- [INSTRUCTIONS TO FOLLOW]:
After finding the line that contains "Lindo Asiático Bebé", give again that line and each one following it, exactly, until the records end.

[Collection entries]
__________________________________________________

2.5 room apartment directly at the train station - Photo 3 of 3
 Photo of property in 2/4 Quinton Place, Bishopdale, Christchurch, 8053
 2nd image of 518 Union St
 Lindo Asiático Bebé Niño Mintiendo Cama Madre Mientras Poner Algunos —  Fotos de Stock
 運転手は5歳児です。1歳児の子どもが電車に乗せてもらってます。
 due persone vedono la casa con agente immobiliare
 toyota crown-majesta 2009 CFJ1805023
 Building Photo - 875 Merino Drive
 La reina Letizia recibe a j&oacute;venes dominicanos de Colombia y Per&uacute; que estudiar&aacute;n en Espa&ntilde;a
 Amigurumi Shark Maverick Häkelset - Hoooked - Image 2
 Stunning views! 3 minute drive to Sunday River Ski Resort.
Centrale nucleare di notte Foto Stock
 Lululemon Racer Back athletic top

__________________________________________________

- [SOLUTION TO THIS TASK]:
 Lindo Asiático Bebé Niño Mintiendo Cama Madre Mientras Poner Algunos —  Fotos de Stock
 運転手は5歳児です。1歳児の子どもが電車に乗せてもらってます。
 due persone vedono la casa con agente immobiliare
 toyota crown-majesta 2009 CFJ1805023
 Building Photo - 875 Merino Drive
 La reina Letizia recibe a j&oacute;venes dominicanos de Colombia y Per&uacute; que estudiar&aacute;n en Espa&ntilde;a
 Amigurumi Shark Maverick Häkelset - Hoooked - Image 2
 Stunning views! 3 minute drive to Sunday River Ski Resort.
Centrale nucleare di notte Foto Stock
 Lululemon Racer Back athletic top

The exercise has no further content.